Afterwards, Phoenix coach Dave Tippett didn't want to think about was possibly losing Torres to a suspension for his check. Game 4 will be played in Chicago on Thursday night.
"We won't go there yet," Tippett said. "Before we lose him, let's really lose him. I worry about the things I can control right now, and that's not one of them."
The Coyotes regained the home-ice advantage with the win. Two more, and they're through to the second round of Stanley Cup play for the first time since the franchise moved from Winnipeg to Phoenix.
"Every win is important," Tippett said. "To come in here after losing the second game at home, to come in here tonight and get a win is certainly a big boost for us momentum-wise."
Phoenix was backstopped by goaltender Mike Smith's 35-save performance, a showing that included a big stop on Viktor Stalberg from 20 feet just 70 seconds into the overtime session.
Boedker had taken two shots before his overtime score, both of them turned away easily by Crawford.

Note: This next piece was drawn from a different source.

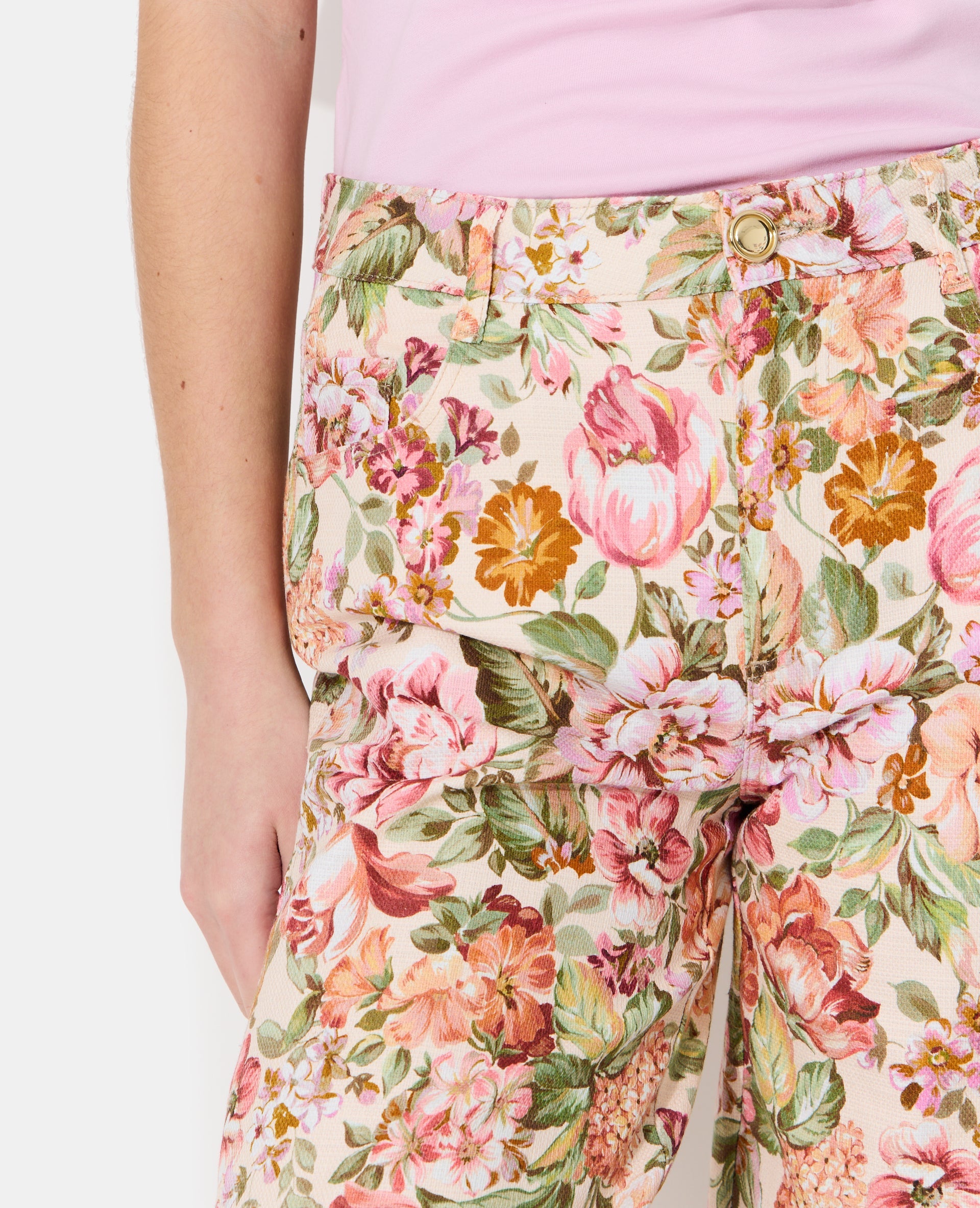 Pantalon droit motif fleurs façon tapisserie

But he rued how he played Boedker's third shot.
"It's a terrible goal," Crawford said. "We dominated overtime. I thought I was feeling good the whole game long. I feel bad I gave 'em that one after the guys battled in overtime like that. It's definitely on me. We'll just worry about the next one now."
As will the Coyotes, who have the lead in the series and three wins in as many games at the United Center this season, including two regular-season victories. But winning in the playoffs does not mean perfection.
"We started the game very well and didn't capitalize on some chances," Tippett said. "They got a break on the one at the end of the first period (when Andrew Brunette scored with 28.4 seconds left). Second period, penalties put us on our heels a little bit, but then after that it was an even game and we were fortunate enough to get the one that counted."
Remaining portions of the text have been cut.